Recorded data:
*** Block opens ***

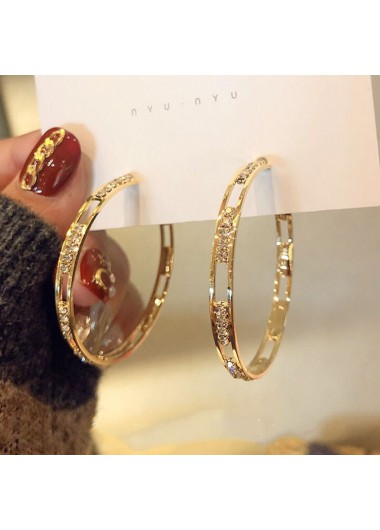 Gold jewelry,Other jewelry,Round Rhinestone Hollow Design Gold Earrings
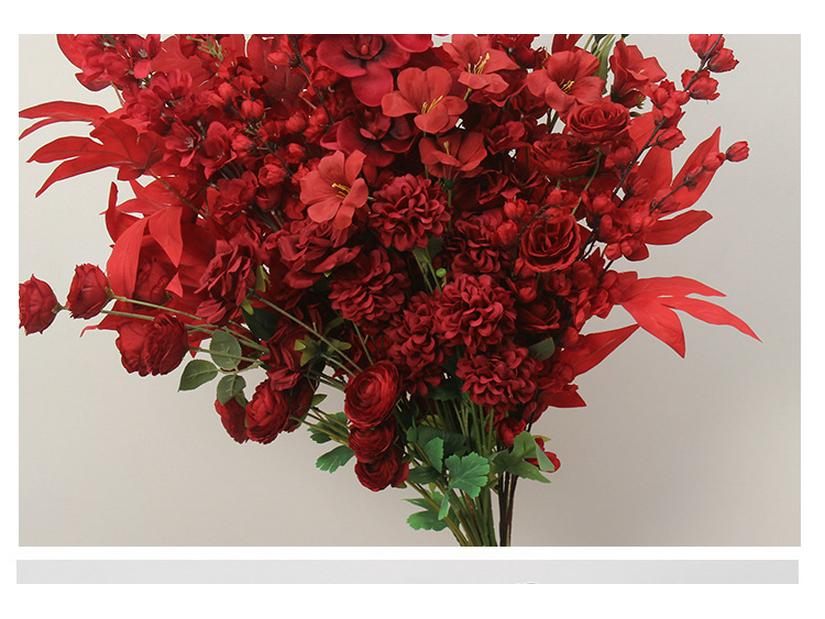 Wine Red Artificial Floral Bouquet - Chinese Wedding & Engagement Ceiling Decoration
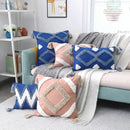 DecorBites™ Boho Tufted Tassel Cushion Cover 45x45cm - Blue Pink Cotton Throw Pillow Cover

*** Block closes ***

Your goal: No pictures should appear in the copy. Print exactly the lines above from the line containing "Wine Red Artificial" through the last line of the data.

Solution to the exercise:
 Wine Red Artificial Floral Bouquet - Chinese Wedding & Engagement Ceiling Decoration
 DecorBites™ Boho Tufted Tassel Cushion Cover 45x45cm - Blue Pink Cotton Throw Pillow Cover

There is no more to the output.